* _WHAT IS NEEDED_: In the records below, the relevant part opens with the line containing "Blauw Gebruikt 2023" and closes with the line containing "47 Mackay Dr, Hauppauge, NY 11788"; print that part exactly and only, without its pictures.

* _DATASET RECORDS_:
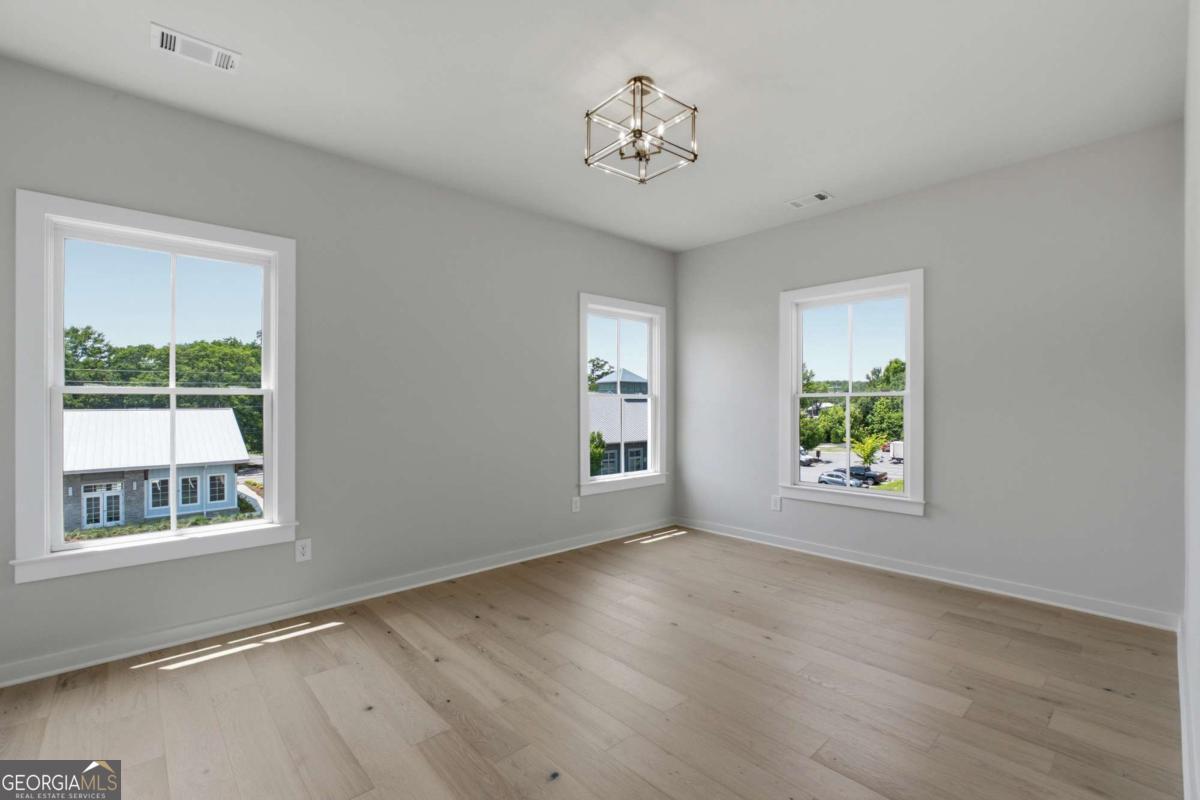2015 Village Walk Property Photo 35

==

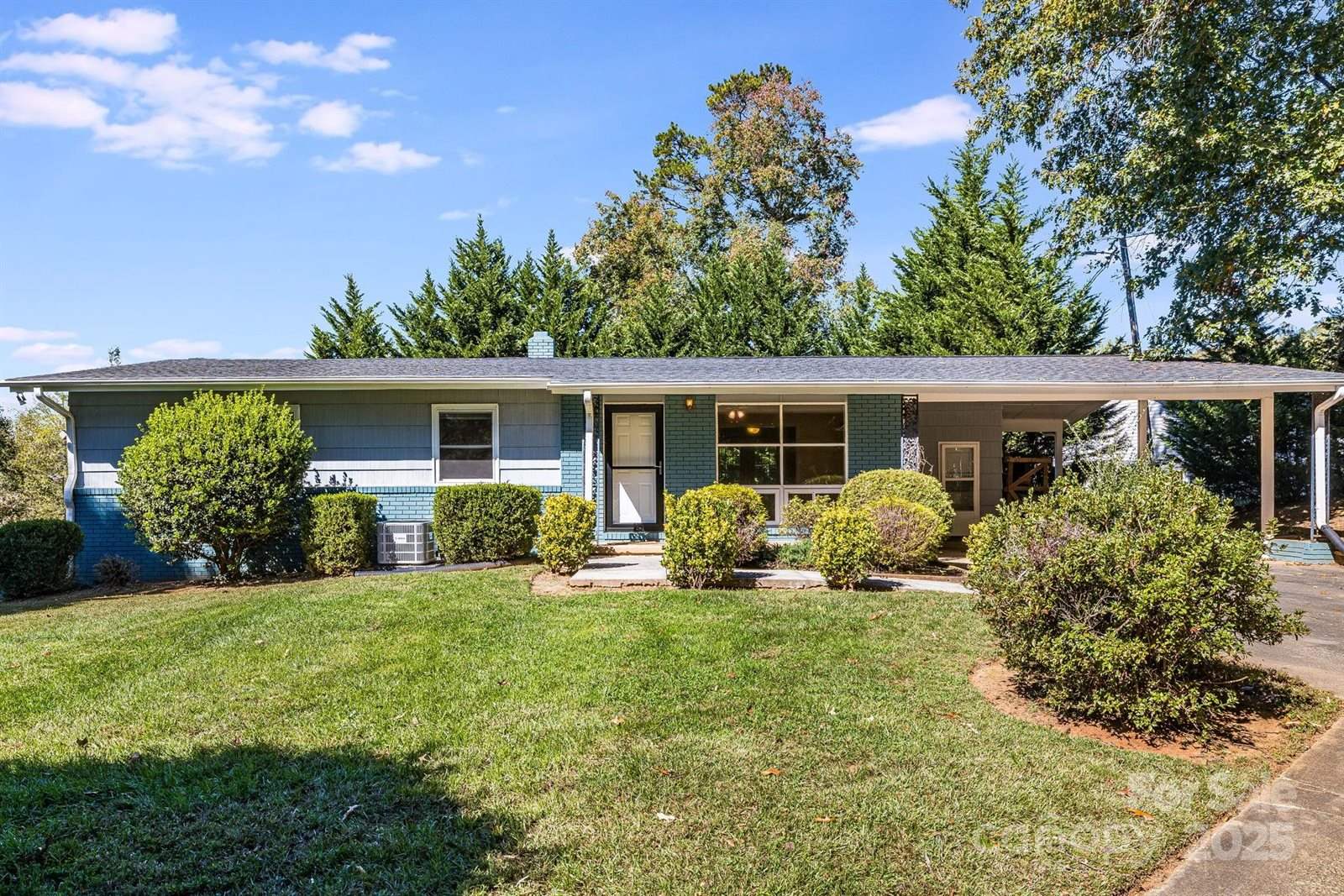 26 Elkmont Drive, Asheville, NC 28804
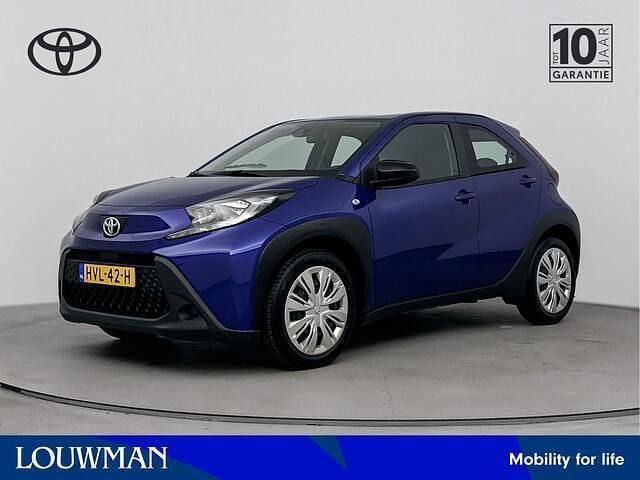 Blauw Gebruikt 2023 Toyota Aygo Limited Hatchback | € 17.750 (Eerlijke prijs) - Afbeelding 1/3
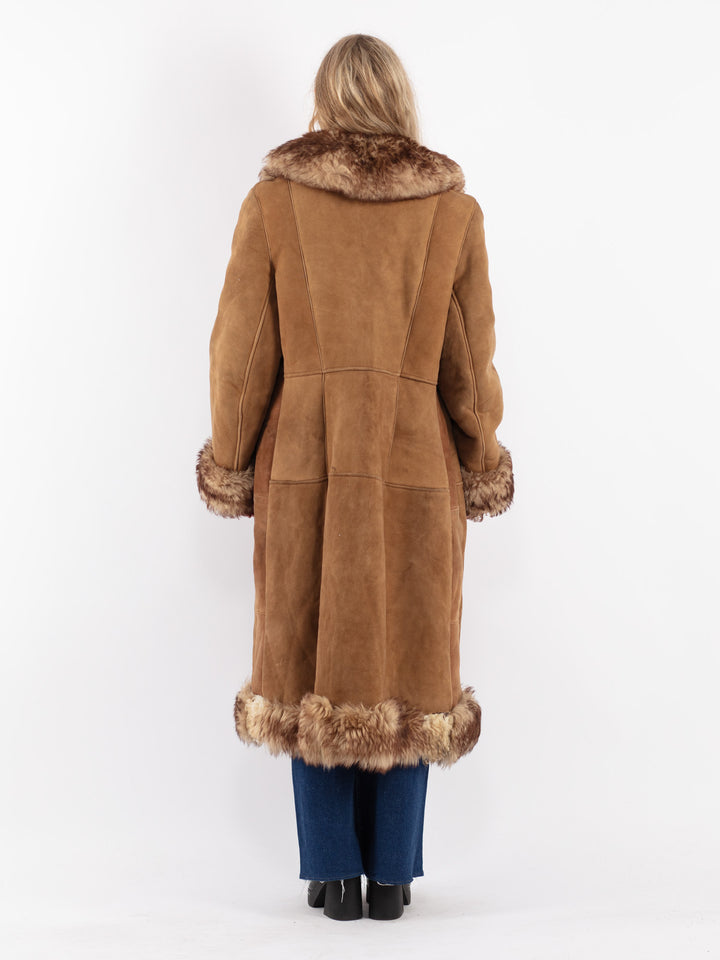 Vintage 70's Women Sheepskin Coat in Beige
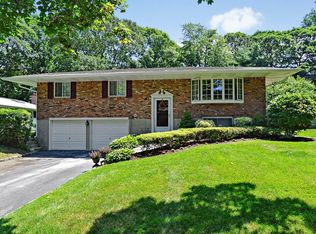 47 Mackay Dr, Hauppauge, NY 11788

* _ANSWER TO THIS PROBLEM_:
 Blauw Gebruikt 2023 Toyota Aygo Limited Hatchback | € 17.750 (Eerlijke prijs) - Afbeelding 1/3
 Vintage 70's Women Sheepskin Coat in Beige
 47 Mackay Dr, Hauppauge, NY 11788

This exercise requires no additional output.